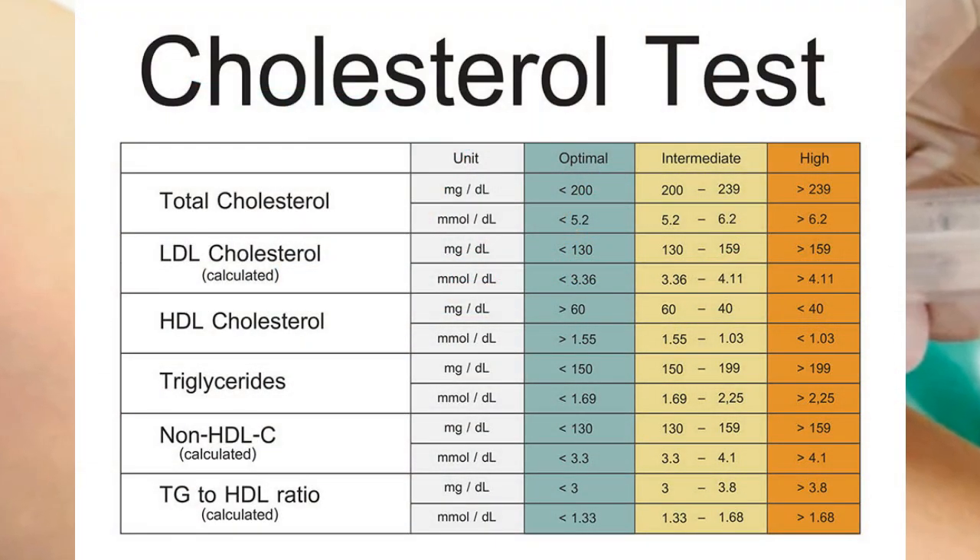Substances measured include blood fats, cholesterol, triglycerides, vitamins, and minerals.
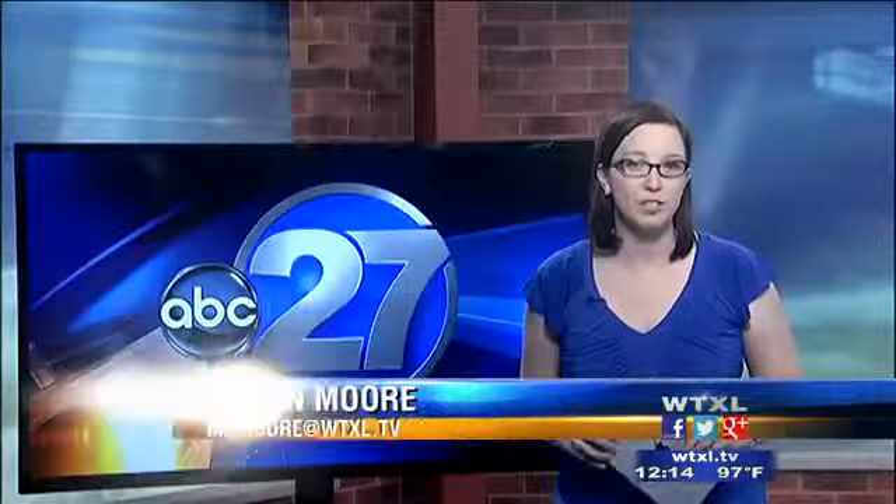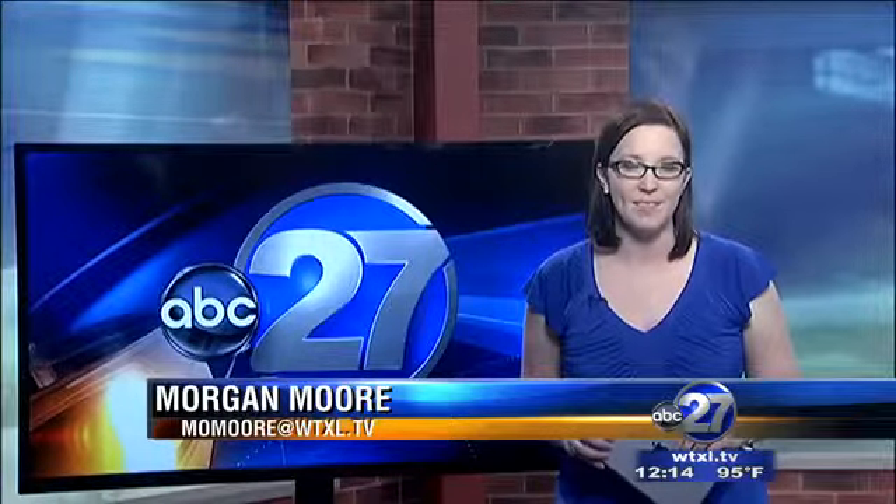If you want to 4th of July your pictures, just head on over to our website WTXL.TV. The app is available for both iOS and Android devices and is free to download. I'm Morgan Moore, WTXL ABC 27, dedicated to you.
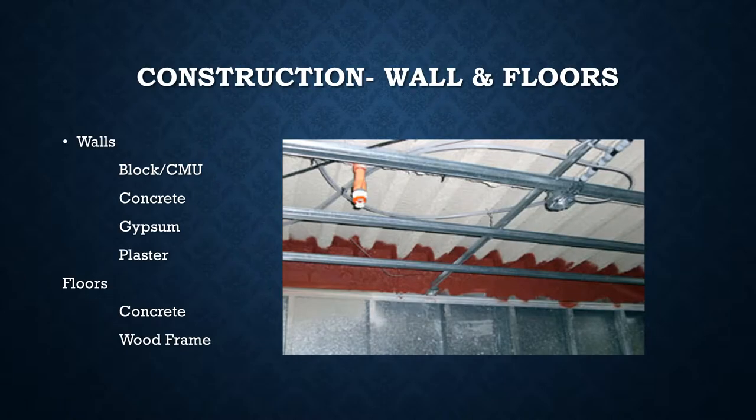When it comes to barrier management and maintaining barriers for fire purposes, there are some basic construction elements. On walls, we're dealing with block or CMU — masonry and concrete — solid concrete, gypsum, and drywall or plaster, which we see pretty much all the time. For floors, it's typically concrete and wood frame. These are the materials we're pretty consistently dealing with.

▶ What is required
When repeating the material above, keep every line exact and drop all pictures.

▶ Task output
Substances measured include blood fats, cholesterol, triglycerides, vitamins, and minerals.
If you want to 4th of July your pictures, just head on over to our website WTXL.TV. The app is available for both iOS and Android devices and is free to download. I'm Morgan Moore, WTXL ABC 27, dedicated to you.
When it comes to barrier management and maintaining barriers for fire purposes, there are some basic construction elements. On walls, we're dealing with block or CMU — masonry and concrete — solid concrete, gypsum, and drywall or plaster, which we see pretty much all the time. For floors, it's typically concrete and wood frame. These are the materials we're pretty consistently dealing with.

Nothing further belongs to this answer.